(Stored data)
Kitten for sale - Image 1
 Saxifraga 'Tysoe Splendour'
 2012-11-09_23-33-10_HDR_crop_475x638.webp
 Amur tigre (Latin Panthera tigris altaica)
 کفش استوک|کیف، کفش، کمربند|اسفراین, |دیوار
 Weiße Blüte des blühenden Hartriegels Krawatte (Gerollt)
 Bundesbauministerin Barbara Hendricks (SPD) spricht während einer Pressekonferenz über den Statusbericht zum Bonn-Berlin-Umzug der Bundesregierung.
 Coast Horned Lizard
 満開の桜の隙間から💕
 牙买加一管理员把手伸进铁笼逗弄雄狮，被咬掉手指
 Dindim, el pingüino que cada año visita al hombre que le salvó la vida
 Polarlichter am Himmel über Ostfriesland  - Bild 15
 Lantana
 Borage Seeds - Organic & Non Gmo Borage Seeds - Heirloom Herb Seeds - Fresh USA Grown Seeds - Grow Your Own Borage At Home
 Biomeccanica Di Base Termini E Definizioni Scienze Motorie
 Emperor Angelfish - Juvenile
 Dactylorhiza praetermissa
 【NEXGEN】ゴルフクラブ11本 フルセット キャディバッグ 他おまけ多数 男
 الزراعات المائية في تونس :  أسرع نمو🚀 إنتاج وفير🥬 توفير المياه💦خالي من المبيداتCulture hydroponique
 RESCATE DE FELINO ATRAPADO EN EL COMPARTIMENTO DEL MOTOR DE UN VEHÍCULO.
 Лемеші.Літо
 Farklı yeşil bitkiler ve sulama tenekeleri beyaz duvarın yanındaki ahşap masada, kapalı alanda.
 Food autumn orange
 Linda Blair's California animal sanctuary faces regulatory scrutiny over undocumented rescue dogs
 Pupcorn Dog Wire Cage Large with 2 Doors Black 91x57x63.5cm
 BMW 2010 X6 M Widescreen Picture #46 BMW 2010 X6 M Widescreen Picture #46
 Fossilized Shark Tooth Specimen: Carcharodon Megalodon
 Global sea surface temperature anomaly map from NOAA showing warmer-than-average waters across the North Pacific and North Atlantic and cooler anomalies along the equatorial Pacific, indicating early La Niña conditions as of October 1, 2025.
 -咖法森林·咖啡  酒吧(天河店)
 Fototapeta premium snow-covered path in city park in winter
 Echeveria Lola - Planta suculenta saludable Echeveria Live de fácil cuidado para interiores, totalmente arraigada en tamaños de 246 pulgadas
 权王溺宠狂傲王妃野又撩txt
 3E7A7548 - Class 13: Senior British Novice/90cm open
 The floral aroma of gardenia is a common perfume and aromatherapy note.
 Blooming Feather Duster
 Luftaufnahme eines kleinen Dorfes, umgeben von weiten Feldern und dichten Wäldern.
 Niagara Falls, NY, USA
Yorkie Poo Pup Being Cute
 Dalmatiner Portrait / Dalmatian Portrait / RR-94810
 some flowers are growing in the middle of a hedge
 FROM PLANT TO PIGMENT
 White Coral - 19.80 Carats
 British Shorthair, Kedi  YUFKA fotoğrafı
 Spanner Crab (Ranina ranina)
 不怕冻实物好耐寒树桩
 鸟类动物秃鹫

*Exercise brief:*
Only lines with the word "über" are wanted; pull each of them from the records.

*Reply to the task:*
 Bundesbauministerin Barbara Hendricks (SPD) spricht während einer Pressekonferenz über den Statusbericht zum Bonn-Berlin-Umzug der Bundesregierung.
 Polarlichter am Himmel über Ostfriesland  - Bild 15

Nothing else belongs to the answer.